同じ奇跡は二度と起こらない | フーテンの横チン

同じ奇跡は二度と起こらない


2014・1・10~愛媛・松山市~
 後悔した。突然の寒波襲来。雪には縁遠いと思っていた瀬戸内の平地でも、朝から雪化粧となった。家を出る間際になって、空から白いものが降り始めた。カメラを持って、自転車で出発。通勤路の途中にある南堀端に入ると、前がほとんど見えなくなるほどに強くなってきた。チンチン電車と絡めた写真を撮ろうかな…。でも、いまバッグから取り出したら、濡れてしまいそう…。どうしようかな…。会社に遅れそうだし、どうしようかな…。しばらく迷って「昼休みに撮りに行こう」と決めた。

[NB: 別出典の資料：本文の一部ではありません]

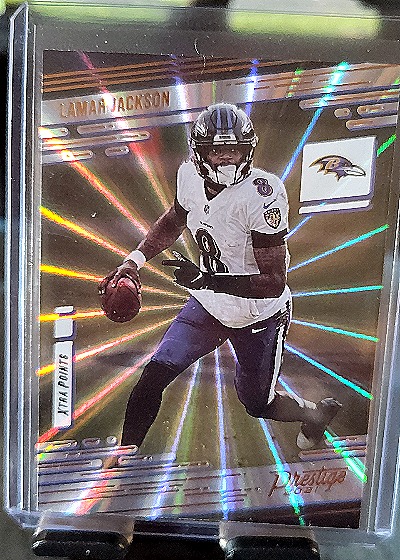 2021 Panini Prestige #22 Lamar Jackson Xtra Points Sunburst — front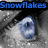 A close-up of a person's eye with blue-tinted eyelashes and a snowflake-like pattern on the eyelid, accompanied by blue text reading "Snowflakes that fall on her eyelashes <3".
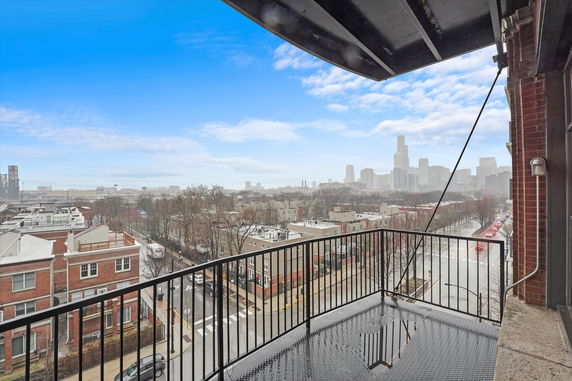 Panoramic view of cityscape from a balcony with railing.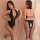 Woman modeling black deep v-neck bodysuit with lace-up back and open-crotch design, paired with fishnet stockings.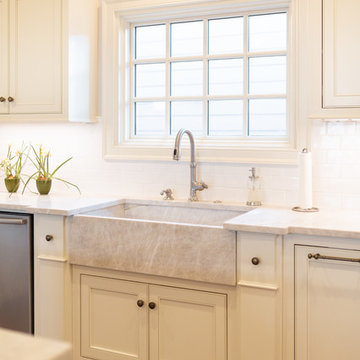 Beautiful custom quartzite apron front sink to match counters.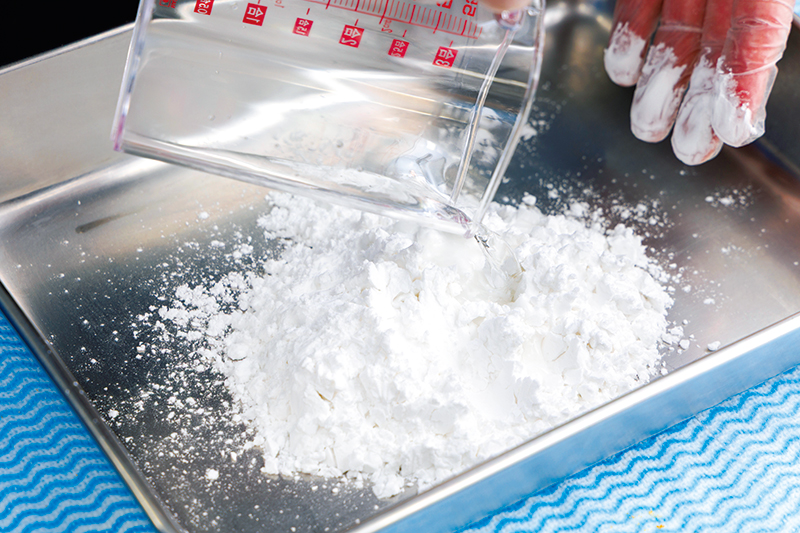 片栗粉に水を混ぜ、両手で粉をこすり合わせて小さなダマを作る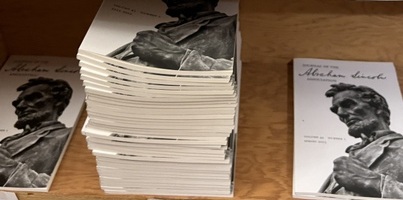 Shelf of copies of the Journal of the Abraham Lincoln Association in a large stack.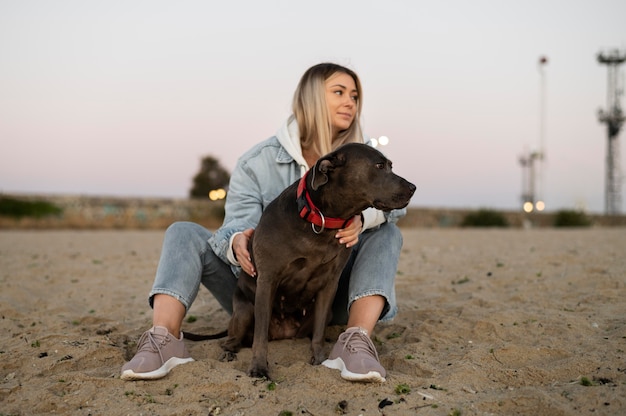 Young woman hugging her pitbull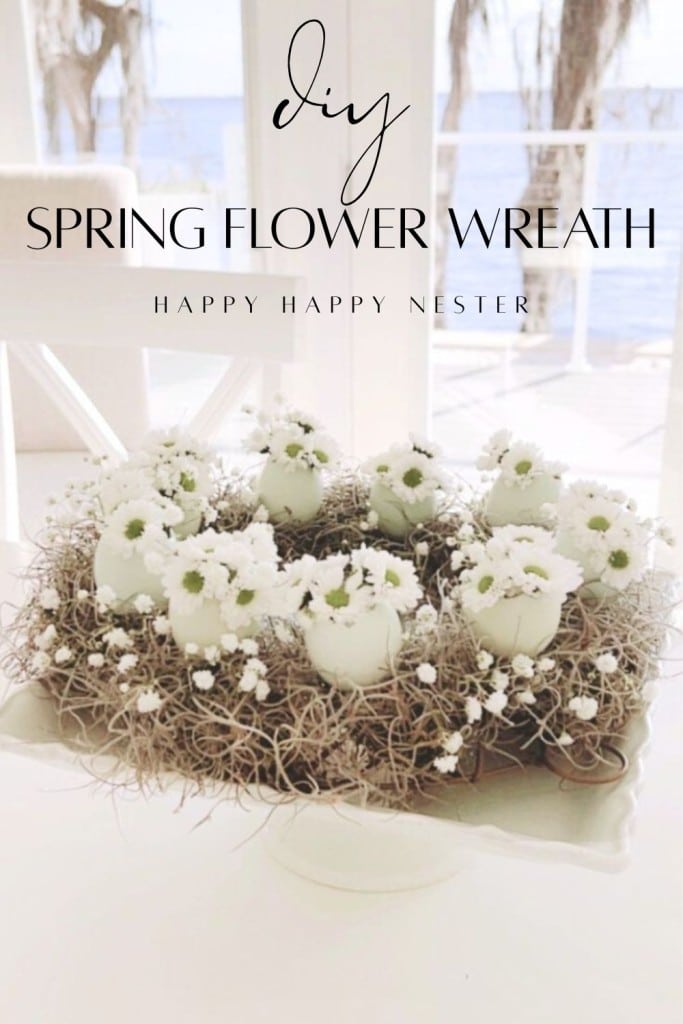 A charming spring flower wreath DIY featuring white eggshells filled with tiny blooms, arranged with twigs and delicate greenery in a circle on a white stand; text reads "DIY Spring Flower Wreath".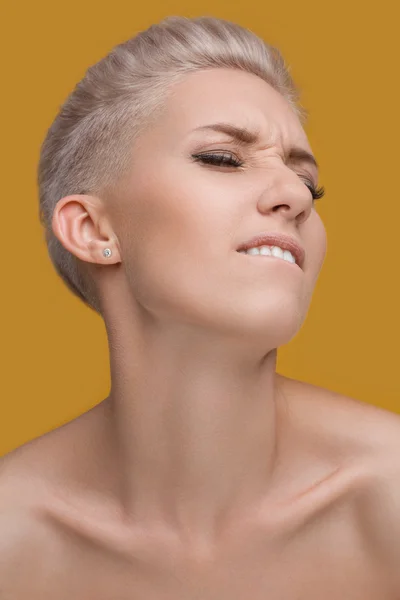 Emotional portrait of amazed woman on a yellow background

 午前9時前。会社の窓越しに景色を眺めた。民家の屋根も真っ白になっていた。目の前で走る伊予鉄の高浜-横河原線が通過しようとしていたので、念のために1枚押さえた。時間が経つにつれて、雲の切れ目から青空がチラホラ。午前10時を過ぎると、雪はすっかり止み、太陽が顔を出してしまった。昼休みの時間には、雪化粧はすっかりなくなり、ただ路面が濡れているだけの景色しか見られなかった…。

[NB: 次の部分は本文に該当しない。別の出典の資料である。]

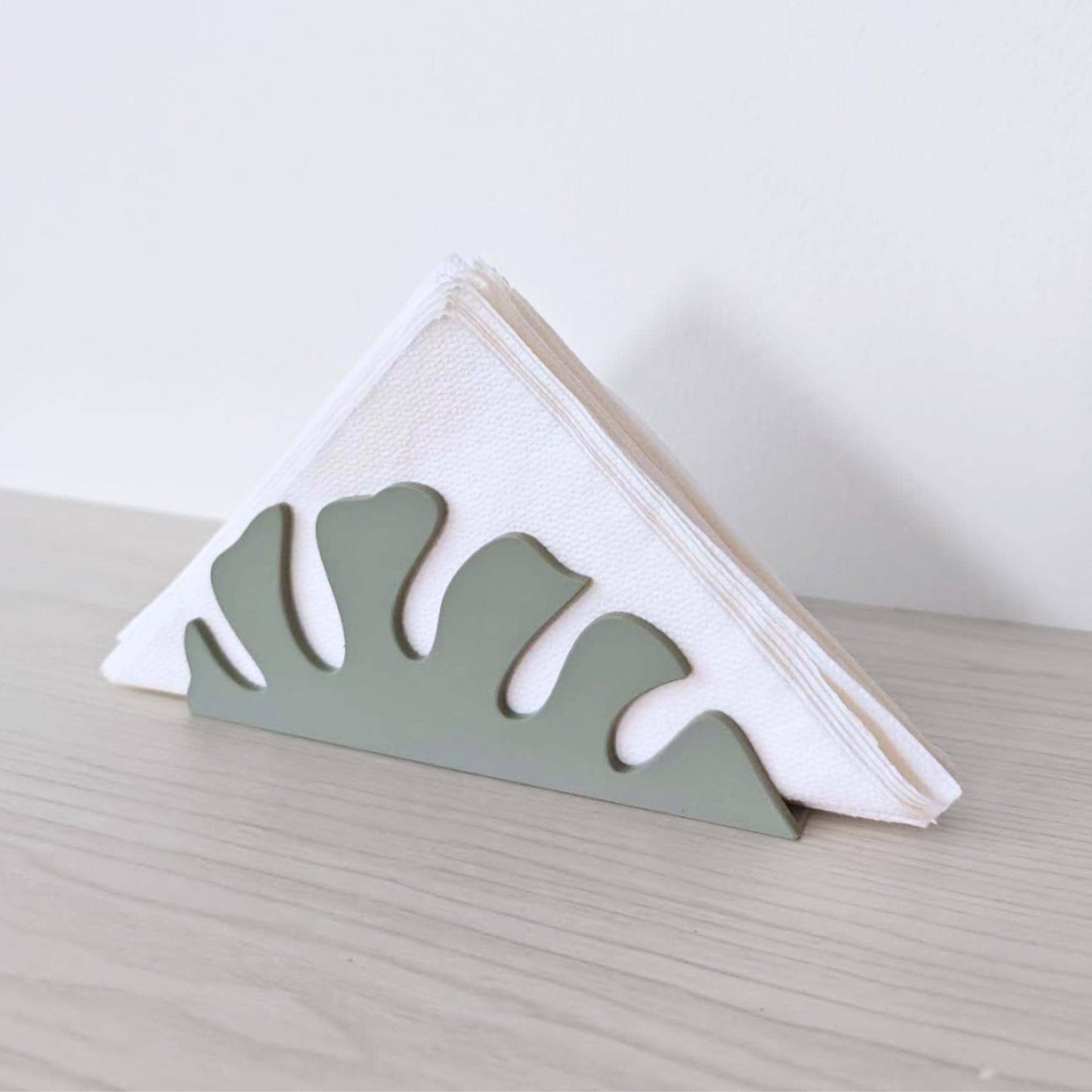 Napkin holder with folded white napkins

 「撮ろうと思った時に撮らないとダメだ。同じ絵は二度と撮れないんだからな」。ある人生の先輩からもらった言葉だ。写真に興味を持ち始め、一眼レフカメラを触るようになり、仕事でもシャッターを押すようになった。だからこそ、先輩の言葉の意味は身に染みて分かっているはずだった。それなのに、時に「あとで撮ろう」とその場を離れ、結果的に撮り逃し、後悔したことが何度もあった。そのたびにガックリきているはずなのに、時間が経つにつれて忘れてしまい、また同じように繰り返してしまう始末。この日の朝、またやらかしてしまった…。
 同じ自然現象は絶対に起きない。空に浮かぶ雲に同じ形のものはない。海を眺めていても、同じ場所に船がずっと停留しているわけではない。自分が思うところに、小鳥が着陸することはない。だからこそ、目の前にある「奇跡」は絶対に見逃してはいけない。反省の一日だった。